Houjun Liu

SU-CS224N APR232024

Evaluating Machine Translation

BLEU

Compare machine vs. multiple-human reference translations. Uses N-Gram geometric mean—the actual n gram size isn’t super special.

Original idea to have multiple reference translations—but maybe people to do this only one reference translation—good score in expectation.

Limitations

  • good translation can get a bad BLEU because it has low n gram overlap
  • penalty to too-short system translations (i.e. translating only easy sentences isn’t a good metric)
  • you really can’t get to 100 in BLEU because of variations in text

attention

Given a vector of values, a vector query, attention is a technique to compute a weighted sum of the values depending on the query.

motivation

machine translation problem—naive LSTM implementation has to stuff the entire information about a sentence into a single ending vector.

  • improves performance
  • more human like model for the MT
  • solves the bottleneck problem
  • helps solving Vanishing Gradients
  • interoperability — provides soft phrase-level alignments, and know what is being translated

implementation

each step of the decoder, we will insert direct connections to the encoder to look at particular parts of the input source sequence

dot every output state against every input state, softmax and add against the source sequence input.

with encoder \(h_{j}\) and decoder \(s_{k}\):

dot product attention

\begin{align} e_{i} = s^{T} h_{i} \end{align}

limitation: LSTM latent layers are a little bit too busy—some of the information is not as useful as others—also forces everything to have dimension-to-dimension match

multiplicative attention

“learn a map from encoder vectors to decoder vectors—working out the right place to pay attention by learning it”

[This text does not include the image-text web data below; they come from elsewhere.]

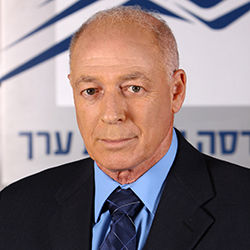 אמנון נויבך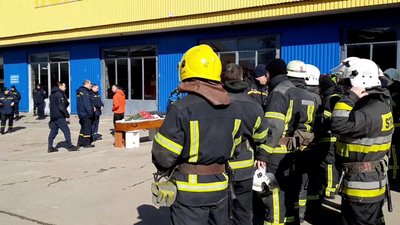 У Харкові прощаються з рятувальником, загиблим внаслідок обстрілу У Харкові прощаються з рятувальником, загиблим внаслідок обстрілу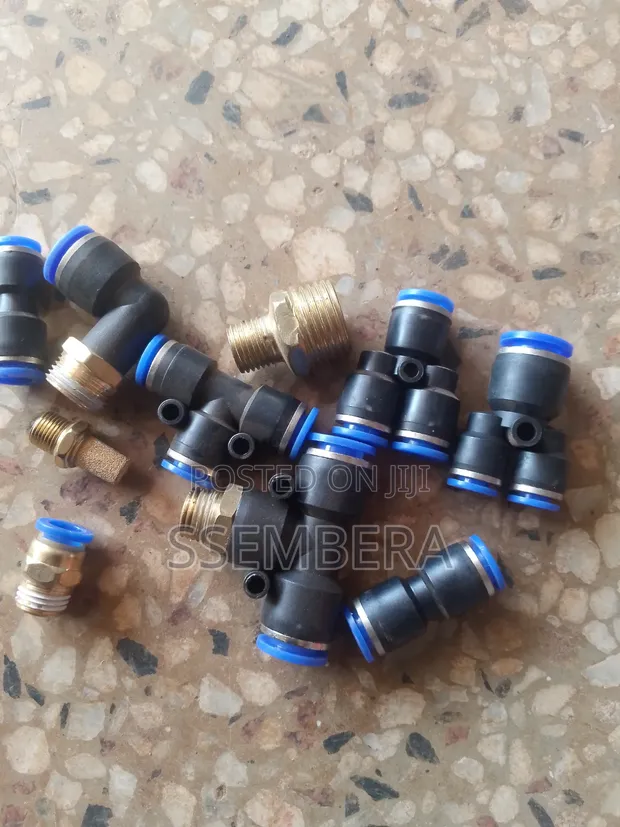 Pneumatic Hose Connectors - 1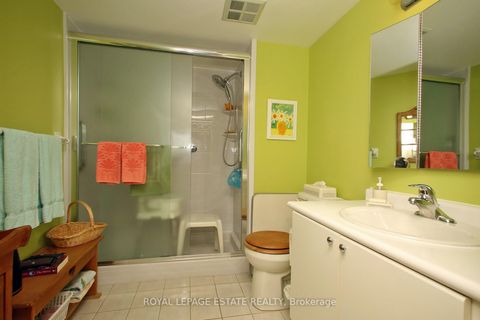 Photo 13 at 529 - 1091 Kingston Road, Cliffside, Toronto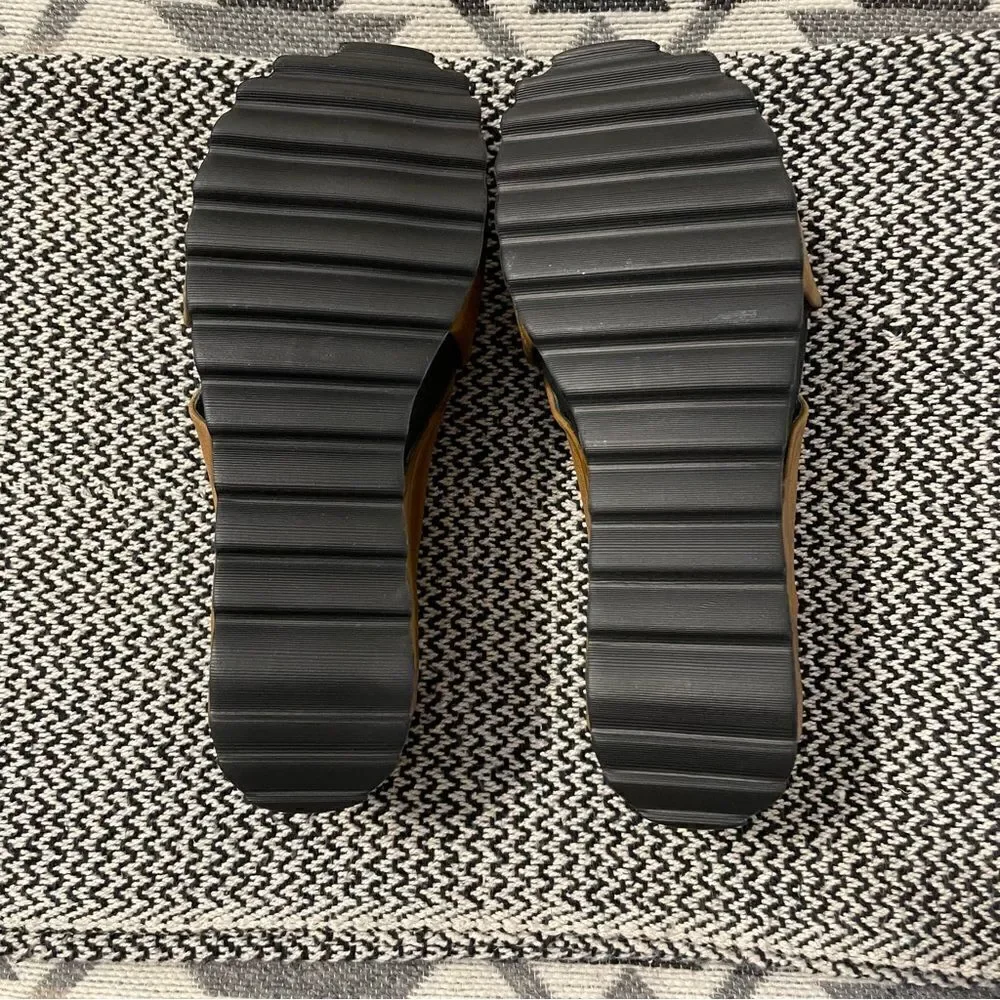 LOFINA Leather Cross-over Strap Wedge Sandal Sz-38/US 7.5 NWOT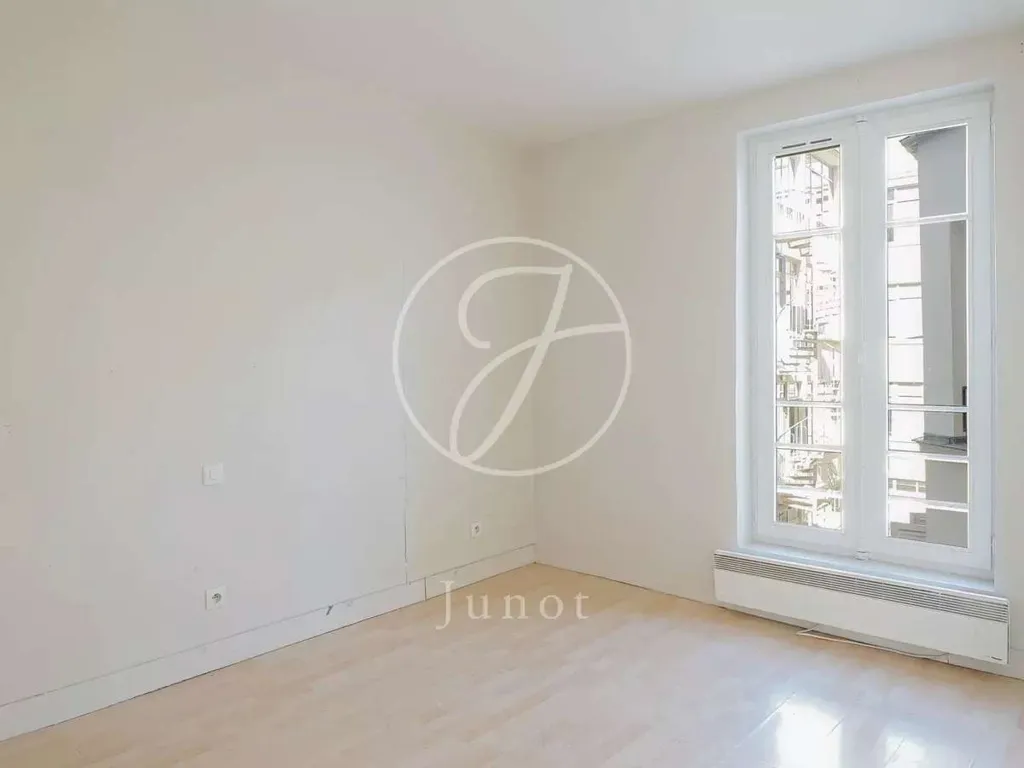 Rooms - 4-Piece Apartment with Courtyard View in Paris 75011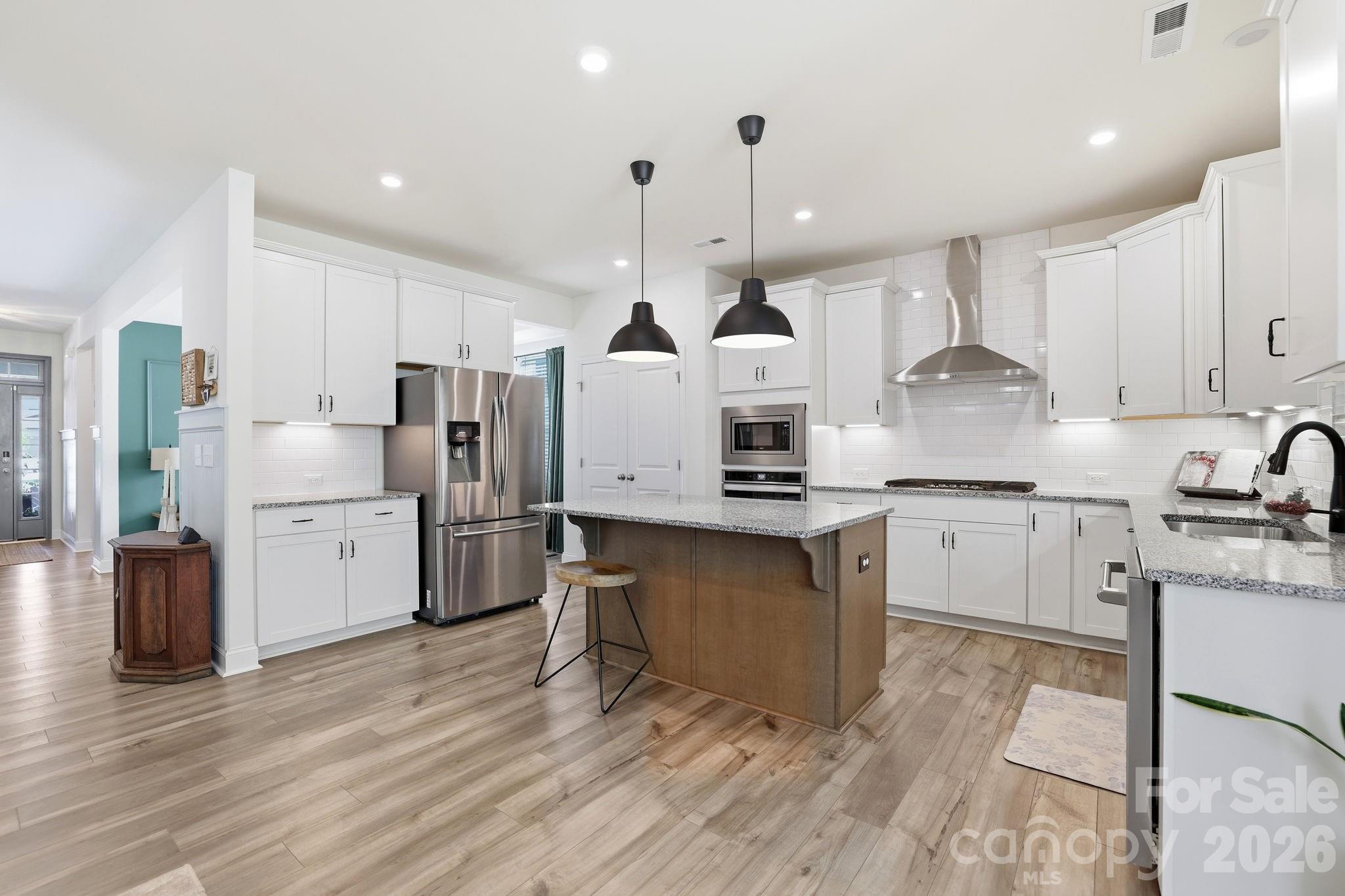 1560 Striped Bass Lane — Clover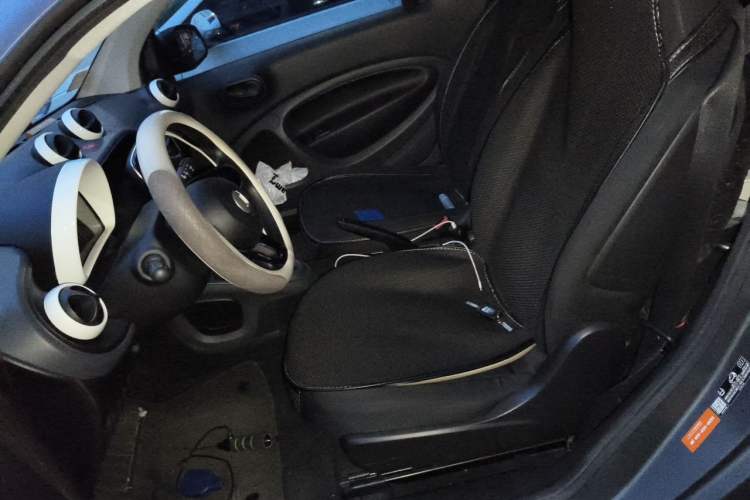 Used smart fortwo 2018 1.0L 52kW Hardtop Dynamic Version China V Left Front Seat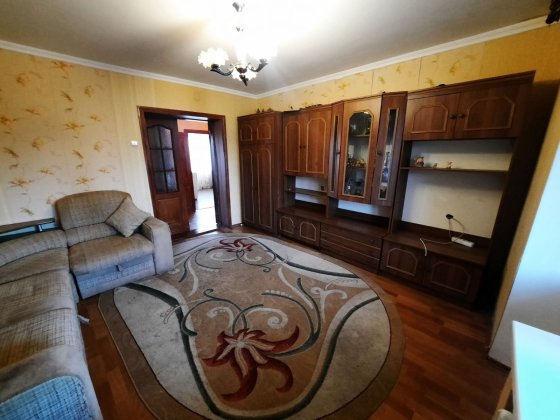 Здам 2 кім, Меблі та техніка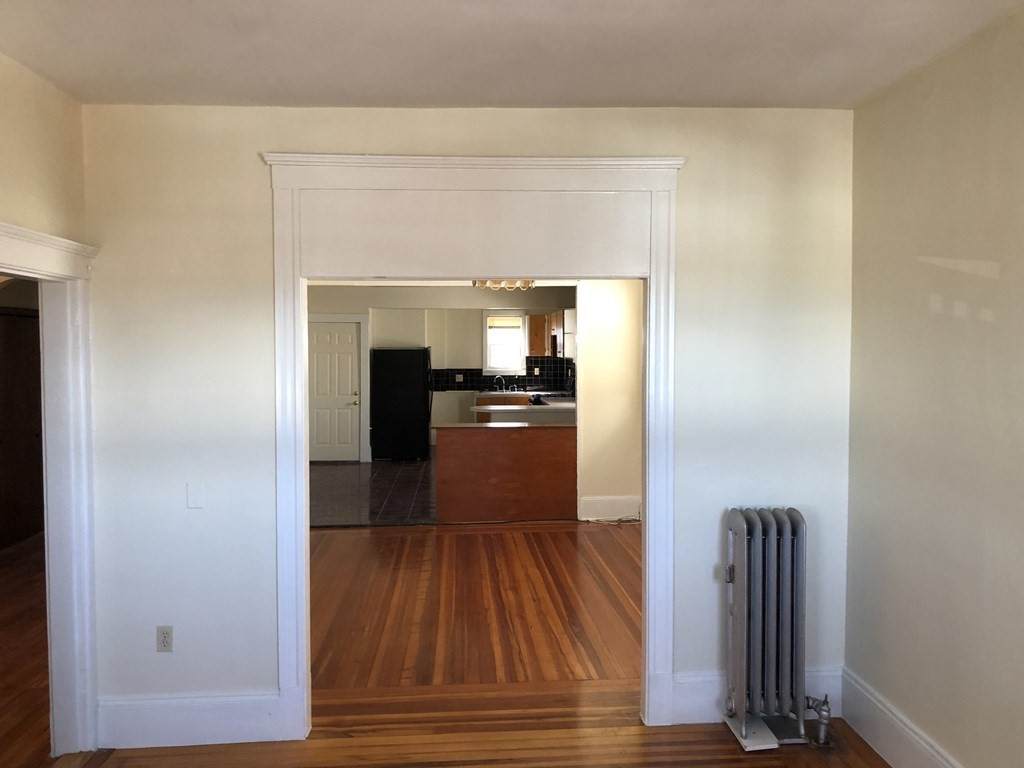 159 Wellington Hill Street - Photo 1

\begin{equation} e_{i} = s^{T} W h_{i} \end{equation}

limitation: lots of parameters to learn in \(W\) for no good reason

reduced-rank multiplicative attention

\begin{equation} e_{i} = s^{T} Q R h_{i} = (Q s^{T})^{T} (R h_{i}) \end{equation}

essentially, why don’t we project \(s\) and \(h\) down to smaller dimensions before the dot product is taken?

this motivates also transformers

additive attention

\begin{equation} e_{i} = v^{T} \text{tanh} \qty(W_1 h_{i} + W_{2} s) \end{equation}

where \(v\) and \(W_{j}\) are learned.